**EXTRACTED MATERIAL**
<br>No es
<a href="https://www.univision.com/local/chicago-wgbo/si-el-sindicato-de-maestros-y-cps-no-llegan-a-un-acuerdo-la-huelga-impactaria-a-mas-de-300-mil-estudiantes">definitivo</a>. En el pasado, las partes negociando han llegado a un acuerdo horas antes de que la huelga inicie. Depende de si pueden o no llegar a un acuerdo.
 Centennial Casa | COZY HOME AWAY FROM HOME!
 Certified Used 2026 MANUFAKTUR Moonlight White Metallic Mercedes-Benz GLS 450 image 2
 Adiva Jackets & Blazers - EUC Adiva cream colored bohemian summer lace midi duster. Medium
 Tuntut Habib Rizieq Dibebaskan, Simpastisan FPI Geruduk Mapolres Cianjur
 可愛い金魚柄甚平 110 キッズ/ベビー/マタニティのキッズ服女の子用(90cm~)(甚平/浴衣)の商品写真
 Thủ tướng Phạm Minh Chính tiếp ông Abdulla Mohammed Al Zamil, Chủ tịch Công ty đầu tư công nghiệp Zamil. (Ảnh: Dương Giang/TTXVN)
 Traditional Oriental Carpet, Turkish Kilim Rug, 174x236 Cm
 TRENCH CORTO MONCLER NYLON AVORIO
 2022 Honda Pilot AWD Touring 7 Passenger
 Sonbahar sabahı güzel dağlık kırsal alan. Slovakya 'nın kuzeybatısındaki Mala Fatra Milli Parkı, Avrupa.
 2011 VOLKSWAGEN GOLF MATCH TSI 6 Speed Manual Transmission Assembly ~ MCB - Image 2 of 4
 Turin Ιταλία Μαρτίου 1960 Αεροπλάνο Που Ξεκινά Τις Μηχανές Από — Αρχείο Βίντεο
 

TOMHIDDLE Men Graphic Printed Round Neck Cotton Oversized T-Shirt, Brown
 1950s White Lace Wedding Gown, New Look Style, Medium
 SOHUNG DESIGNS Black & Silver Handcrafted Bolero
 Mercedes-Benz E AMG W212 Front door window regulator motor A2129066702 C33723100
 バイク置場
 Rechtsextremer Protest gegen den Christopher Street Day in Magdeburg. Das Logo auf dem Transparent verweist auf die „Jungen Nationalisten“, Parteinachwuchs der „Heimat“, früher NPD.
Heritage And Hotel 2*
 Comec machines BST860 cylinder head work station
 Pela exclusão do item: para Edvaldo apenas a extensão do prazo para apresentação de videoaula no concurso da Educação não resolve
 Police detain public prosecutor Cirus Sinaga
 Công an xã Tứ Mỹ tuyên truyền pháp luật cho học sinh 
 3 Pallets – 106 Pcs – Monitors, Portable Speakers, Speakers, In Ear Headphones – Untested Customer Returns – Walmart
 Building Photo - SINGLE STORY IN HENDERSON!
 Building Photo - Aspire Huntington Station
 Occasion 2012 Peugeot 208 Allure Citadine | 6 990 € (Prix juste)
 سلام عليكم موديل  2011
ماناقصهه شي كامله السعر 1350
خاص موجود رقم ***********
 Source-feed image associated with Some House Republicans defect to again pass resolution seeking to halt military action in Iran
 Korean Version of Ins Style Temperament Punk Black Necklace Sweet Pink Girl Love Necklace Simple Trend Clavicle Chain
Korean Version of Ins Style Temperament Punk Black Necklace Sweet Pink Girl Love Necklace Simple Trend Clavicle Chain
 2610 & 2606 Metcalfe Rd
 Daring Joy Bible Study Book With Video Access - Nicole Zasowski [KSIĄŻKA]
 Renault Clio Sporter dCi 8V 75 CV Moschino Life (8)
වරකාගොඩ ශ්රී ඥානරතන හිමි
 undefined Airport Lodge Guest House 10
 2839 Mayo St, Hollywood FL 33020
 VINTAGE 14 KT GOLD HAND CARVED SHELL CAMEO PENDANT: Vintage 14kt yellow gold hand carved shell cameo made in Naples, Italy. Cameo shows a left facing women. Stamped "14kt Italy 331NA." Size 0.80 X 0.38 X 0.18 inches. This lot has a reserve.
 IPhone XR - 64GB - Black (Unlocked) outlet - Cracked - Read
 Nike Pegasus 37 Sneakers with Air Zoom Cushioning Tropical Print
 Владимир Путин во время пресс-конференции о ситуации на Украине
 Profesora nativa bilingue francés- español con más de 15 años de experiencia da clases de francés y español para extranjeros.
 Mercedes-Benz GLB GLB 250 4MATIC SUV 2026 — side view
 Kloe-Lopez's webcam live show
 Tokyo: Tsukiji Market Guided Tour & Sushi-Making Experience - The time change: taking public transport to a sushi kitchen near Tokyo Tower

**TO DO**
Every line with "Simple" in it should be copied from the entries.

**SOLVED PROBLEM**
 Korean Version of Ins Style Temperament Punk Black Necklace Sweet Pink Girl Love Necklace Simple Trend Clavicle Chain
Korean Version of Ins Style Temperament Punk Black Necklace Sweet Pink Girl Love Necklace Simple Trend Clavicle Chain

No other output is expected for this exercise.